The body looked too muscular to be Travis, but I hadn’t seen him in years. Bile rose in my throat as I forced myself to turn the body over.

“Oh, thank God!”

“What?” Leland called as he rushed back inside.

“I thought…” I couldn’t even say it. “It’s not who I thought it was.” I did know the man, though. It was Rob Dumaine. A long time ago we’d been close friends, then he’d betrayed me. He must have betrayed someone else too because the bullet wounds in his forehead and chest let me know he hadn’t died of natural causes. I grabbed the hat off his head and slammed the trunk.

Leland jumped. “Sorry… uh… I… Should I go?”

“Yes, go on home. Have a drink or several. I’m sure you need it.”

He glanced toward the car, then back at me. “Don’t you need some help… uh… dealing with this?”

“I’ll handle it.” I might be willing to believe Marley didn’t know about the note, but the body? The fucking asshole had set me up. I had no doubt whoever had sent the threat wanted to escalate things by making me the number one suspect in Rob’s murder. He’d visited me at the shop about a month ago, and I’d threatened him in front of plenty of witnesses.

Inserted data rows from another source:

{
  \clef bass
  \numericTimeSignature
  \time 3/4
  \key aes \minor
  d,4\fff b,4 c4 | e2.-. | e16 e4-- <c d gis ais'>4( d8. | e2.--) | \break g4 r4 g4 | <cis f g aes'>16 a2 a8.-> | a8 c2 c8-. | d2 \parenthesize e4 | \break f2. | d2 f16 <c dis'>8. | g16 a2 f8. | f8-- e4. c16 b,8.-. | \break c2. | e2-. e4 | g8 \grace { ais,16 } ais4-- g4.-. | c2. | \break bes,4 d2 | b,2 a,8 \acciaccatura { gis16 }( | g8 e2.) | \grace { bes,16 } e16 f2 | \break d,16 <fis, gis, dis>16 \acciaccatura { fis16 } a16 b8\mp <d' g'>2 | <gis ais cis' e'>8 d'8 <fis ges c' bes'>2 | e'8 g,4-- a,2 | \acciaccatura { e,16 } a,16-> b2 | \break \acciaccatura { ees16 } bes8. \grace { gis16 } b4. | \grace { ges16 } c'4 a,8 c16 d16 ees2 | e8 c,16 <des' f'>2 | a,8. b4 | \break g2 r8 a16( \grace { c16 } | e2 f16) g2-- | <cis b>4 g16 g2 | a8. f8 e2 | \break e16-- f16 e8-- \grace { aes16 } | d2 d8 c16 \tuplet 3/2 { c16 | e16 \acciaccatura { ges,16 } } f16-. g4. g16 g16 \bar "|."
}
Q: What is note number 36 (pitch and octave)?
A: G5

Whomever it was, I’d make them pay. I really didn’t need this shit right now—as if anyone ever needed a murder rap. I’d finally gotten my—mostly legal—business going solidly after my stint in prison. I’d even made a few connections while I was in there. The only good thing that had come from being locked up.

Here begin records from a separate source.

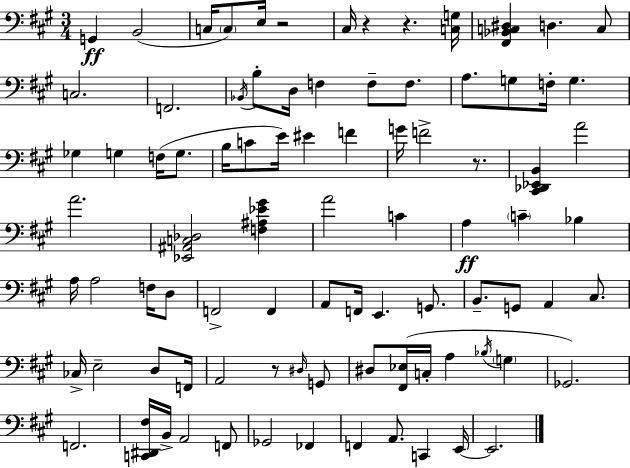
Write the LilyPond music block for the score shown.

{
  \clef bass
  \numericTimeSignature
  \time 3/4
  \key a \major
  g,4\ff b,2( | c16 \parenthesize c8) e16 r2 | cis16 r4 r4. <c g>16 | <fis, bes, c dis>4 d4. c8 | \break c2. | f,2. | \acciaccatura { bes,16 } b8-. d16 f4 f8-- f8. | a8. g8 f16-. g4. | \break ges4 g4 f16( g8. | b16 c'8 e'16) eis'4 f'4 | g'16 f'2-> r8. | <cis, des, ees, b,>4 a'2 | \break a'2. | <ees, ais, c des>2 <f ais ees' gis'>4 | a'2 c'4 | a4\ff \parenthesize c'4-- bes4 | \break a16 a2 f16 d8 | f,2-> f,4 | a,8 f,16 e,4. g,8. | b,8.-- g,8 a,4 cis8. | \break ces16-> e2-- d8 | f,16 a,2 r8 \grace { dis16 } | g,8 dis8 <fis, ees>16( c16-. a4 \acciaccatura { bes16 } \parenthesize g4 | ges,2.) | \break f,2. | <c, dis, fis>16 b,16-> a,2 | f,8 ges,2 fes,4 | f,4 a,8. c,4 | \break e,16~~ e,2. | \bar "|."
}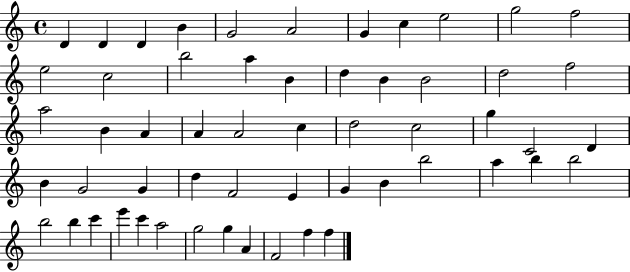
{
  \clef treble
  \time 4/4
  \defaultTimeSignature
  \key c \major
  d'4 d'4 d'4 b'4 | g'2 a'2 | g'4 c''4 e''2 | g''2 f''2 | \break e''2 c''2 | b''2 a''4 b'4 | d''4 b'4 b'2 | d''2 f''2 | \break a''2 b'4 a'4 | a'4 a'2 c''4 | d''2 c''2 | g''4 c'2 d'4 | \break b'4 g'2 g'4 | d''4 f'2 e'4 | g'4 b'4 b''2 | a''4 b''4 b''2 | \break b''2 b''4 c'''4 | e'''4 c'''4 a''2 | g''2 g''4 a'4 | f'2 f''4 f''4 | \break \bar "|."
}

I liked my job. Working on cars was soothing to me. Sure, sometimes I was involved in what was basically stealing from the rich to sell to the also rich, but I was okay with that. I was careful, though. I never intended to set foot in prison again, so I sure as hell wasn’t going to let some asshole try to pin a murder on me.

I shoved Travis’s hat in a plastic bag and stuck it under the sink in the bathroom. No one would look in there, and I’d grab it as soon as I was back that night. I knew I should just get rid of it along with the car and the body, but I wanted to figure out why he’d been wearing my brother’s hat. Had it been done on purpose to scare me? Was it a coincidence? Had Rob ended up with it after he’d dumped my brother once he was no longer useful?

I headed back to the office. Leland and Joey were gone, but Sam was there waiting for me.

“I want details.”

I’d known she would. “It’s Rob.”

Her eyes went huge. “Oh fuck.”

“Yeah, but I’m going to take care of it.”

“I can help you.”

I shook my head. “I don’t want to involve you anymore than you have to be.”

She scowled. “I know how stubborn you are, so I won’t offer again, but I hope you know you can call on me.”

“I do. Thank you.”

She held my gaze. “Be careful. I mean it.”

“Always.”

She headed out the door. I waited until her car pulled out of the lot before going out to close the front gate and secure it.

Then I called one of the few other people I trusted implicitly. Ambrose was Corbin and Remington’s cousin, but he didn’t regularly take part in the family business. We’d gotten to know each other as kids because he liked to exasperate his twin brother, Dax, by spending lots of time with their uncle, who was known to all of us out in the bayou as Crazy Etienne.

We remained close in our teens, then Ambrose joined the army right out of high school, impressed the hell out of his commander, and served on a special forces team for eight years. I don’t know what happened to him in those years, but ever since he’d returned home, he’d hid out in the bayou in Etienne’s old shack, rarely talking to anyone other than Dax.